Diagnose a failing CI run, apply the code fix, commit it, push, and watch the re-run until it passes or fails -- the full fix-and-retry loop in one shot. Use after a pipeline fails and the user says "fix it and retry", "fix the CI and push", or "make CI green". Do NOT use for a read-only investigation that stops at a recommendation (use diagnose-ci); do NOT use for a routine commit unrelated to a CI failure (use ship).

fix-and-retry

Fix and Retry

Diagnose CI failure, fix it, and re-ship.

Steps

  1. Diagnose: Follow the diagnose-ci workflow:

    • gh run list --status=failure --limit 1 --json databaseId,name,headBranch to find the latest failure
    • gh run view <id> --log-failed to get error logs
    • Identify root cause and affected files
  2. Fix: Apply the fix to the codebase. Read the affected file(s), make the edit, and verify the fix makes sense.

  3. Commit: Create a conventional commit for the fix (e.g., fix(ci): correct workflow syntax). Use a HEREDOC for the message.

  4. Push: Before pushing, capture the pre-push run id (gh run list --branch $(git branch --show-current) --limit 1 --json databaseId -q '.[0].databaseId'). Then git push.

  5. Watch: Poll for a NEWER run, not the previous failed one. Match the new run by the pushed commit’s headSha (git rev-parse HEAD) — e.g. gh run list --branch $(git branch --show-current) --limit 5 --json databaseId,headSha,status,conclusion and pick the run whose headSha equals the new HEAD (and whose id differs from the captured pre-push id). Poll every 15s (max 5 minutes) until that run completes. This prevents the watcher from latching onto the previous failed run before the new run is registered.

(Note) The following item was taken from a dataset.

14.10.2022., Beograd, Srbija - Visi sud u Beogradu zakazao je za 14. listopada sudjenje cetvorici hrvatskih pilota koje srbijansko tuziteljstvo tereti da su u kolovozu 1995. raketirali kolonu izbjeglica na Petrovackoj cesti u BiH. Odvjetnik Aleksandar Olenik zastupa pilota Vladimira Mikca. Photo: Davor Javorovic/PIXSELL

  6. Report: Show whether the re-run passed or failed. If it failed again, show the new error.

Rules

  • Only fix issues you can confidently diagnose from the logs. If the cause is unclear, report the diagnosis and ask the user rather than guessing.
  • Never force push or amend the previous commit.
  • If the fix requires secrets, env vars, or manual GitHub settings changes, explain what’s needed instead of attempting it.

Gotchas

  • A new CI run is not registered the instant you push. Capture the pre-push run id (step 4) and poll for a run whose headSha matches the newly pushed HEAD before reading status. If you watch --limit 1 blindly, the watcher can latch onto the previous failed run and report a false failure.